[augeas-devel] augeas: master - fa_compile: accept regexps with embedded NUL's
David Lutterkort
lutter at fedoraproject.org
Tue Sep 1 18:09:06 UTC 2009
Gitweb: http://git.fedorahosted.org/git/augeas.git?p=augeas.git;a=commitdiff;h=82152586f01e19d8ed4bc144f83855328d1196dc
Commit: 82152586f01e19d8ed4bc144f83855328d1196dc
Parent: 15eb39a97ad98be637c9093cd1cfeee455cfefef
Author: David Lutterkort <lutter at redhat.com>
AuthorDate: Fri Aug 14 16:31:39 2009 -0700
Committer: David Lutterkort <lutter at redhat.com>
CommitterDate: Mon Aug 31 14:36:27 2009 -0700
fa_compile: accept regexps with embedded NUL's
---
src/fa.c | 232 +++++++++++++++++++++++++++++++++-----------------------
tests/fatest.c | 17 +++--
2 files changed, 147 insertions(+), 102 deletions(-)
diff --git a/src/fa.c b/src/fa.c
index 869d16f..491ec63 100644
--- a/src/fa.c
+++ b/src/fa.c
@@ -1,7 +1,7 @@
/*
* fa.c: finite automata
*
- * Copyright (C) 2007, 2008 Red Hat Inc.

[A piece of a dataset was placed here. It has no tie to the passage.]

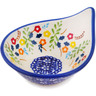 Polish Pottery Bowl 4&quot; Rainbow Delight UNIKAT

+ * Copyright (C) 2007-2009 Red Hat Inc.
*
* This library is free software; you can redistribute it and/or
* modify it under the terms of the GNU Lesser General Public
@@ -174,7 +174,7 @@ struct re {
struct re *exp2;
};
struct { /* CSET */
- int negate;
+ bool negate;
bitset *cset;
};
struct { /* CHAR */
@@ -188,6 +188,15 @@ struct re {
};
};
+/* Used to keep state of the regex parse; RX may contain NUL's */
+struct re_parse {
+ const char *rx; /* Current position in regex */
+ const char *rend; /* Last char of rx+ 1 */
+ int error; /* error code */
+};
+
+static struct re *parse_regexp(struct re_parse *parse);
+
/* A map from a set of states to a state. */
typedef hash_t state_set_hash;
@@ -216,8 +225,6 @@ struct state_set_list {
struct state_set *set;
};
-static struct re *parse_regexp(const char **regexp, int *error);
-
/* Clean up FA by removing dead transitions and states and reducing
* transitions. Unreachable states are freed. The return value is the same
* as FA; returning it is merely a convenience.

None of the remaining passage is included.